* [DATASET EXCERPT]:
###

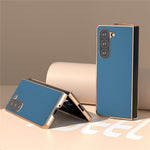 For Samsung Galaxy Z Fold5 5G Silky Feeling Phone Case Genuine Cow Leather + PC Electroplating Cover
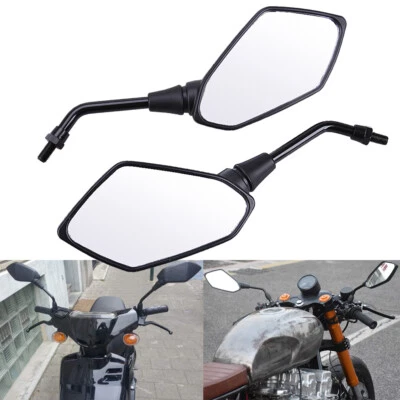 Espejos retrovisores laterales universales negros de 10 mm para motocicleta scooter para Honda Kawasaki Foto 1 de 4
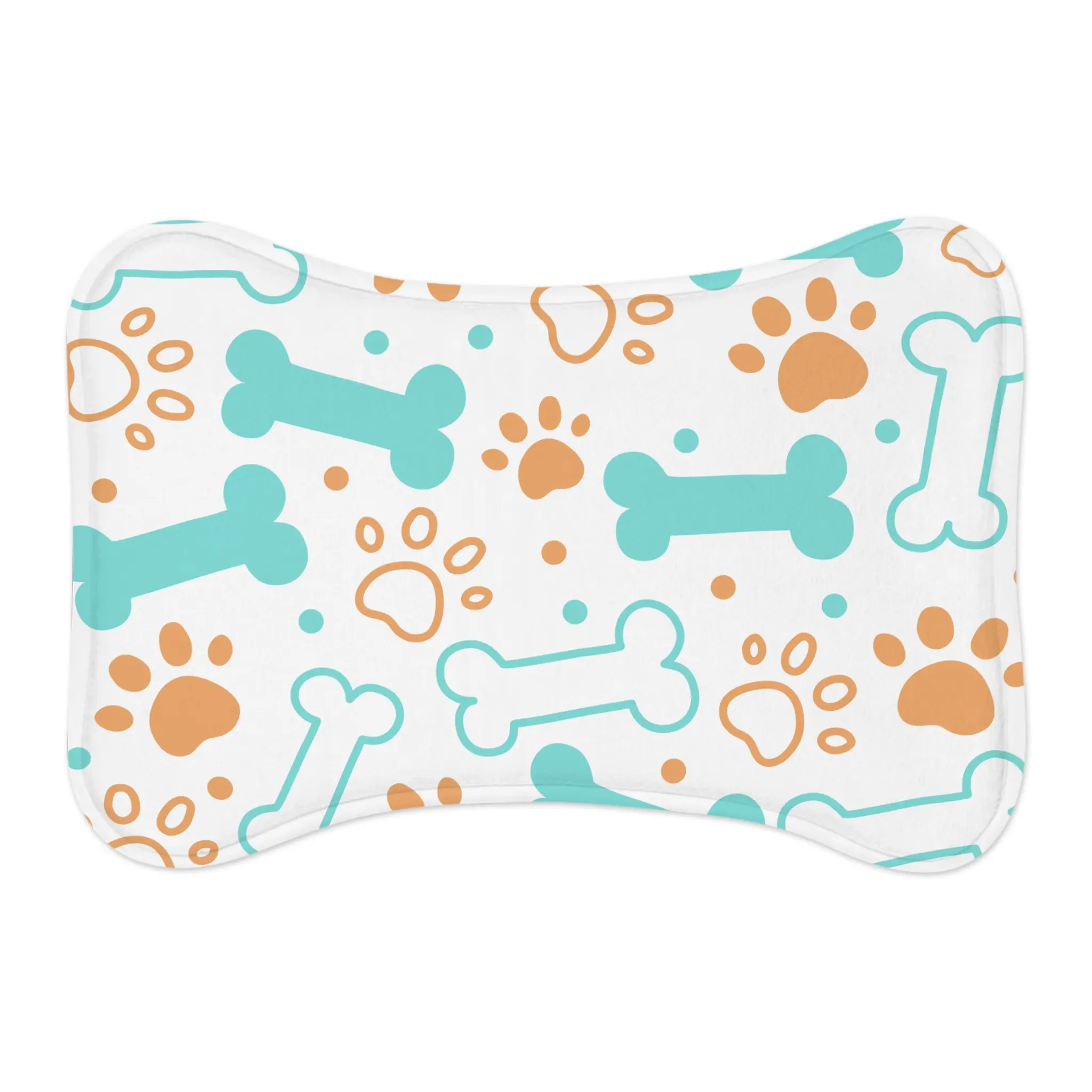 Blue Bone and Paw Print Pet Feeding Mat | Non-Slip Dog Bowl Placemat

###

* [EXERCISE GOAL]:
As you output the material, omit the pictures but alter nothing else.

* [OUTPUT BELOW]:
 For Samsung Galaxy Z Fold5 5G Silky Feeling Phone Case Genuine Cow Leather + PC Electroplating Cover
 Espejos retrovisores laterales universales negros de 10 mm para motocicleta scooter para Honda Kawasaki Foto 1 de 4
 Blue Bone and Paw Print Pet Feeding Mat | Non-Slip Dog Bowl Placemat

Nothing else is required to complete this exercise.